Let $$f : \mathbb{R}_+ \rightarrow \mathbb{R}_+$$ an increasing continuous function such that $$f(0) = 0$$ and $$\beta \geq 0$$. When we have for all $$x > 0$$, $$\displaystyle\frac{\int_{0}^{x}{f(t)\mathrm{d}t}}{x f(x)} = \frac{1}{1 + \beta}$$, it is straightforward that $$f$$ is a power function, i.e. there is $$\lambda > 0$$ such that for any $$x \geq 0$$, $$f(x) = \lambda x^{\beta}$$.

My question is:

Does $$\lim\limits_{x \rightarrow +\infty}{\displaystyle\frac{\int_{0}^{x}{f(t)\mathrm{d}t}}{x f(x)}} = \displaystyle\frac{1}{1 + \beta}$$ imply that there is some $$\lambda \geq 0$$ such that $$\lim\limits_{x \rightarrow +\infty}{\displaystyle\frac{f(x)}{x^{\beta}}} = \lambda$$ ?

In general, $$f$$ will be “almost” a power function.
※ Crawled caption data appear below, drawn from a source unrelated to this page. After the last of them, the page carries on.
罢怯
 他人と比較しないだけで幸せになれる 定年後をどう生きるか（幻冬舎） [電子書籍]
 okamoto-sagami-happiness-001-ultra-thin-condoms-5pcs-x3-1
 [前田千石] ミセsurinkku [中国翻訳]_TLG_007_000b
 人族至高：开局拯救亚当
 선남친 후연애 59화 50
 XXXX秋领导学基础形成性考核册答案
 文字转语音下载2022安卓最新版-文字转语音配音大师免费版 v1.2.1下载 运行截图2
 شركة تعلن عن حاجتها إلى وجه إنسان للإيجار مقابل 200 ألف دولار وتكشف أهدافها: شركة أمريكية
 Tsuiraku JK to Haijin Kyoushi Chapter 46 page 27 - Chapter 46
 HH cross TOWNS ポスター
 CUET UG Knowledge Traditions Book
More precisely, it will be regularly varying with index $$\beta$$, i.e., of the form $$f(x)=x^\beta\cdot\ell(x)$$ where $$\ell$$ is a slowly varying function, such as $$\ell(x):=\log(1+x)$$. This is in essence the content of Karamata's theorem (see Theorems 1.5.11 and 1.6.1 of Bingham, Goldie, and Teugel's book “Regular variation”): Karamata's theorem states that a positive, locally bounded function $$f:[0,\infty)\to[0,\infty)$$ is a regularly varying function with index $$\beta\ge0$$ if and only if $$\frac{x^{\sigma+1}f(x)}{\int_0^xt^\sigma\,f(t)\,\mathrm dt}\xrightarrow[x\to\infty]{}\sigma+\beta+1\tag{C_\sigma}$$ holds for some $$\sigma>-(\beta+1)$$. In this case, $$(C_\sigma)$$ holds for all $$\sigma\ge-(\beta+1)$$.
The representation theorem (Theorem 1.3.1 in the book) says that we can write any slowly varying function $$\ell$$ in the form $$\ell(x)=c(x)\exp\left(\int_0^x\varepsilon(u)\frac{\mathrm du}u\right)$$ for some $$c$$ measurable with $$c(x)\to c\in(0,\infty)$$ and $$\varepsilon(x)\to0$$ as $$x\to\infty$$.